My pals asked if they could pray for me, but I got uncomfortable. There was no one single pressing reason they needed to carry me to the cross for. Sure, I’d admitted that I feel I’ve ‘lost my luster’ and that what’s dark in me is growing like a weed, but I wasn’t up against a fearful diagnosis or job change. Didn’t seem to matter to them, they wanted to pray.

Speaking my love language, they turned on a song that rang out:

“It’s two in the morning and I’m still awake in my bed
And I can’t shake these lies that keep running around in my head
What if I saw me the way that You see me
What if I believed it was true
What if I traded this shame and self-hatred
For a chance at believing You

That You knit me together in my mother’s womb
And You say that I’ve never been hidden from You
And You say that I’m wonderfully, wonderfully made

You search me and know me
You know when I sit, when I rise
So You must know the choices I’ve made and the pain that I hide

What if I saw me the way that You see me
What if I believed it was true
What if I traded this shame and self-hatred
For a chance at believing You”

Beth knelt at my left side and grabbed my forearm and let me cling to hers with all my strength, Abbie knelt at my right side and held my hand with all her force, Sara stood behind me and leaned to touch her head to mine, and Rachel responded to Abba’s request to get her oil and anoint my forehead, and then she placed her hands over my soaking wet closed eyes and prayed the scales would fall off, that I’d see me the way that He sees me.

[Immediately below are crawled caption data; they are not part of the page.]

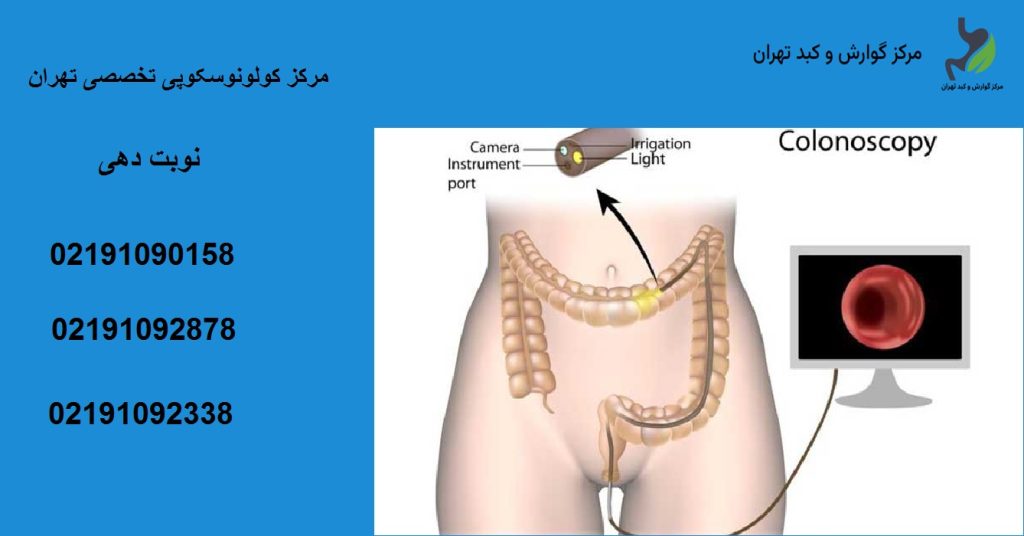 کولونوسکوپی تهران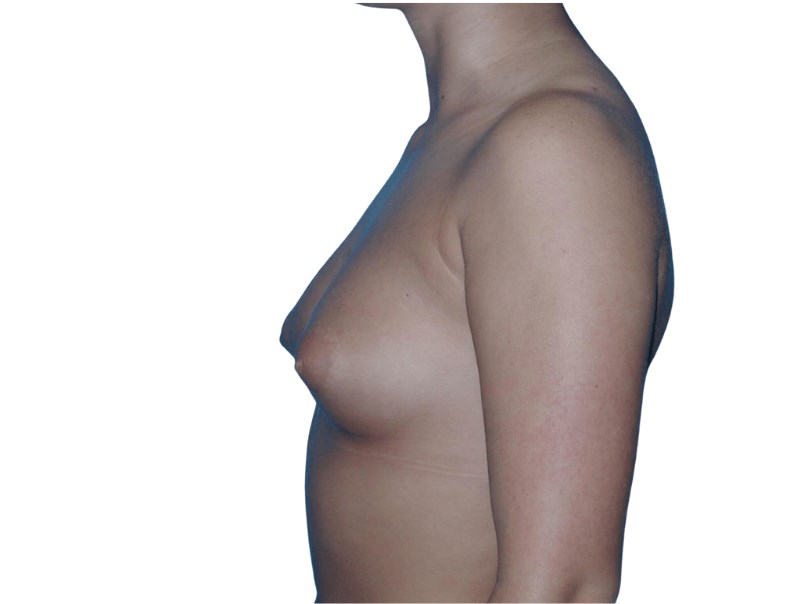 Side Views Before Side Views Before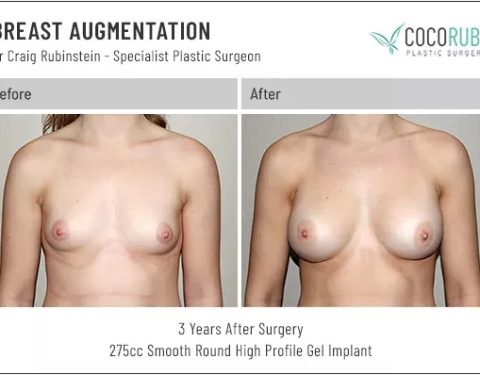 dr-craig-rubinstein-breast-augmentation-571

Larry and Michael and Robbie and Cal sat hemming us in, and from the deepest part of my very being tears clawed their way out. The sobs came up from the very bottom gnarls at the pit of my broken spirit.

Where I sit? Where I’ve been sitting?

Honestly?

In a hurt I’ve had no words for.
In a belief that God loves all His other kids more.
In a belief that on this side of eternity the only joy for me will come from the discipline of celebrating other’s joy.
In the pain of a shipwrecked heart that was broken so hard it hasn’t recovered, that cries into my pillow because I don’t know who else I can still talk to about it, that feels nauseous with pain at least once or twice every day.
In the ‘understanding’ that grieving or talking about the pain means I’m ‘playing the victim’ which is sinful and unwanted.
In the mantra I’ve taught myself to repeat: “It will never get better for you, so be thankful it’s not worse.”
In the ribbon the streams behind my eyes when I look in the mirror, that it’s a good thing I’m funny because in every other way I’m less than.
That the men who loved me left because I wasn’t enough.
And that God redeems other people’s pain with blessing, but He won’t with mine so that I will really learn my lesson.

And as I sat there sobbing my guts out I realized God was meeting me in a way I’d understand. HE WAS FINALLY ANSWERING MY SCREAMED OUT PRAYERS TO BE TANGIBLE!!! With the touch of beloveds and with song and with words and with my safe space carrying the wreckage I couldn’t carry anymore, that I didn’t even ask them to carry…

It was Him.
And I finally let myself, even if just for a half an hour, believe that He does indeed love me.

That’s where I sat. And where I’m sitting today.

Where are you sitting?

Can I pray over your breaking heart and let you cry without shame? Let me know and I’ll come right over.

One Comment Add yours

  1. Stacy says:

    Thank you for being so vulnerable and writing about your pain.